The lovely couple (she is American and he is European) was truly lovely. Their home is lovely (a house with several, beautiful, spacious stories) and adorned with things from their travels all over the world. His job has moved them to every country on the “Must See” list of international travel. Her job is teaching English and she knows how to find all the best resources money can buy. Their relationship has the ease, comfort and familiarity of a decade of loving compromise, hard work and being each other’s touchstone. Their beautiful dogs are well-trained, loving and large breeds (in China, if families have a pet dog, it’s never larger than a teacup breed of any sort). The lovely couple has the kind of relationship and life I used to envy and it wasn’t until last night that I realized that I no longer recognize that part of myself. It was very strange and I’m still mourning the loss of that piece of myself but I don’t know that, in the end, I’ll miss it.
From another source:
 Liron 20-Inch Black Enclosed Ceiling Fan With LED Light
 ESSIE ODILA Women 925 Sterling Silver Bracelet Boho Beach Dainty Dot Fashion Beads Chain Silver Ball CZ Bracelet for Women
In my choice to have as authentic an experience afforded a six-foot-plus white girl in China, I found a real community with real friends, real politics and, well, reality. For all its idiosyncrasies and real-life-issues, it is a home for me. There is a specificity for me here. I find comfort in my Chinese friends who protect me as best as they know how, I have found clumsy steps towards romance with two of the men and I find respite in the two men charged with caring for me. I am surrounded by a community of people who do their best to understand me with what they’ve got, do everything in their power to provide me what I need and act with the best of intentions; you cannot ask for more than that in this world. The Chinese, for my newfound Western friends, are simply job titles and career roadblocks. The Chinese women boil down to “Maid” and “High Powered Official.” The Chinese men boil down to “Driver” and opaque moneygrubbers or “China Businessmen.” China is literally nothing but a European ghetto sprinkled with some good tourist sites and shopping. I find it very strange and am left to wonder why one would come to China to, at best, avoid it.

Our drive South on the Xi’An beltway to the other compound took over an extra hour (it normally takes 20 minutes) because, well, frankly, don’t try getting ANYWHERE in Xi’An between 6 and 7. It won’t happen. We left at 6 just as the rush to go out to dinner begins in Xi’An. (In Xi’An, everyone eats out at the very least 3 times a week, the bus system is over-crowded and there is no subway system consequently everyone drives to their destination.) So, in the car it was my Brazilian Angel, the gentleman from Bern, the Chinese driver and myself.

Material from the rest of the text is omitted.